In a growing list of various locales that Google Glass has already been banned before its public release, casinos are starting to add on to that list. Caesers Palace in Las Vegas is the first major casino to prohibit Google Glass from being worn on the gambling floor to prevent cheating during casino games.
Caesars Palace says that they won’t allow anyone gambling to use Google Glass, but it seems that casino officials will let you at least wear it when simply wondering around, as long as you’re not recording — casinos usually frown on taking pictures or video, even if you’re not gambling. Casinos see recording devices as a means to get an unfair advantage at the tables.

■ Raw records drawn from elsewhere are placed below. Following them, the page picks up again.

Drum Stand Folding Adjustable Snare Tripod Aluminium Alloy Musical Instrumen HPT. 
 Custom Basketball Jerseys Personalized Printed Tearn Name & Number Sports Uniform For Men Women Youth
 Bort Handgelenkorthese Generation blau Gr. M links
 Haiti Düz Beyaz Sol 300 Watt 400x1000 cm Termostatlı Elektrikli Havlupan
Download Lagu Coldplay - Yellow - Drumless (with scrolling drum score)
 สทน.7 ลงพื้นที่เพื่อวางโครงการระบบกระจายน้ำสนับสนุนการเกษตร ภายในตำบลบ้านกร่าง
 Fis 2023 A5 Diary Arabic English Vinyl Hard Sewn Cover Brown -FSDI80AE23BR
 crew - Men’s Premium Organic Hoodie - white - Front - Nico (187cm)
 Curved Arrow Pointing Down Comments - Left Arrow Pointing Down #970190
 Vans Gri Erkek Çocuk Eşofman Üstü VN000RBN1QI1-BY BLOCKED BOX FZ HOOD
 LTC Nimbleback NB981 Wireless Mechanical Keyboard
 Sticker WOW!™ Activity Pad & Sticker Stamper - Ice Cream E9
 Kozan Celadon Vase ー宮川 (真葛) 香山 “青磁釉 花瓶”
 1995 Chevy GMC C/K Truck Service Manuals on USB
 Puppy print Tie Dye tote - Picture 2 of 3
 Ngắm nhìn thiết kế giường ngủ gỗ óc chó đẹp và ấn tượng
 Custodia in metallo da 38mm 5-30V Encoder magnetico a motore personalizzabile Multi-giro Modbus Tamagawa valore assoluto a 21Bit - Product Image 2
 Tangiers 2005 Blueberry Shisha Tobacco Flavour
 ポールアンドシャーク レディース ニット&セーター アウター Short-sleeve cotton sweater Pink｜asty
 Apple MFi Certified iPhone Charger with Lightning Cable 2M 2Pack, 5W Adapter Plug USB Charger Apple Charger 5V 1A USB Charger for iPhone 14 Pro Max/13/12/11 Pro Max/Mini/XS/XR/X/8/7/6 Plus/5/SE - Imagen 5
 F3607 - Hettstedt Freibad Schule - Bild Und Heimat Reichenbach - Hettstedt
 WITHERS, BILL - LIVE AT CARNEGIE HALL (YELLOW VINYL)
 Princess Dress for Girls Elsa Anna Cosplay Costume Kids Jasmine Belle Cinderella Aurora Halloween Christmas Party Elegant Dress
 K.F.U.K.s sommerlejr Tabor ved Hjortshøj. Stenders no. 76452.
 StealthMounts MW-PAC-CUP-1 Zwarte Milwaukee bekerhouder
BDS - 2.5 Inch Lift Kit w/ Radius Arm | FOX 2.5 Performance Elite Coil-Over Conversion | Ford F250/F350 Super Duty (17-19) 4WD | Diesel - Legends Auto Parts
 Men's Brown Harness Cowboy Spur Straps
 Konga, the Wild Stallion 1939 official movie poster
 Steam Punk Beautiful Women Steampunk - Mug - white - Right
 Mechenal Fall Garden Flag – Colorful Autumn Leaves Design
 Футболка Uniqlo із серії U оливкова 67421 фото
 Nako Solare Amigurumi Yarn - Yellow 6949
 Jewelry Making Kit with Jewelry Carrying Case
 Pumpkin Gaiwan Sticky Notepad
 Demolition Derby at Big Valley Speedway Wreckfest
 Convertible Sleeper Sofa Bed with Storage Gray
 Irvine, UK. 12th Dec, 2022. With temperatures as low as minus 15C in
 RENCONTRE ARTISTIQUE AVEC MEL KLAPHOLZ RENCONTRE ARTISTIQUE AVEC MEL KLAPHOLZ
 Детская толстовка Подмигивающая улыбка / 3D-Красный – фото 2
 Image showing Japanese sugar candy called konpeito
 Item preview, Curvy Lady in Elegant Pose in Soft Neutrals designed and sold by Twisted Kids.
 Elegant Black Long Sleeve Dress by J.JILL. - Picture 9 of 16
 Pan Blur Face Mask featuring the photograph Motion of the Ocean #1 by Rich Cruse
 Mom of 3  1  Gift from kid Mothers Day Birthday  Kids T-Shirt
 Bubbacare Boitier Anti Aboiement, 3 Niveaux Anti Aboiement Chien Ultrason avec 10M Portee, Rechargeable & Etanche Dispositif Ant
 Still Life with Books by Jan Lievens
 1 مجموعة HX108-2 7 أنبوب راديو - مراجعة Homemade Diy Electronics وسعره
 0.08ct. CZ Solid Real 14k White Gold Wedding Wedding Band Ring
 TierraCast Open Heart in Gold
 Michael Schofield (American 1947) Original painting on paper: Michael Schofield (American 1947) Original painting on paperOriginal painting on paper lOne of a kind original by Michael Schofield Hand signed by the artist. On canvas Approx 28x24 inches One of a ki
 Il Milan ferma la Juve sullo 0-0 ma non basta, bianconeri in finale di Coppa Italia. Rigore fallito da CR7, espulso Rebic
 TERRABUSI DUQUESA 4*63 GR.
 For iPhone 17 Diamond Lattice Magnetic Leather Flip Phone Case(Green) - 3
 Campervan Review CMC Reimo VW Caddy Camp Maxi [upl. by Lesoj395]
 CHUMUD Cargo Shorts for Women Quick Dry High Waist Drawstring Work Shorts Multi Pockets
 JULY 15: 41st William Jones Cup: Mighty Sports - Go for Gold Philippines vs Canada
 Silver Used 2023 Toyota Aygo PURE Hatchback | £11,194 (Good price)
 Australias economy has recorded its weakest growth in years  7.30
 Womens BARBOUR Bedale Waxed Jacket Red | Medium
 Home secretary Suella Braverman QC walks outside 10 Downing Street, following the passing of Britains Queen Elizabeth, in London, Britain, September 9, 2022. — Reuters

Recently, within the last few months, establishments have been popping up saying that they will not allow Google Glass inside their facilities, including a bar in Seattle, as well as movie theaters and other places where taking photos and recording videos is already prohibited. Lawmakers are even wanting to ban Google Glass while driving, saying that the spectacles can be a distraction while behind the wheel.
Of course, this isn’t surprising by any means. Many luddites believe that Google Glass is an invasion of privacy, allowing Glass users to secretly take photos and record video, but in a world where it’s increasingly more difficult to keep your privacy while out in public, is this really anything new? Does Google Glass offer anything that we haven’t already seen in surveillance equipment and such?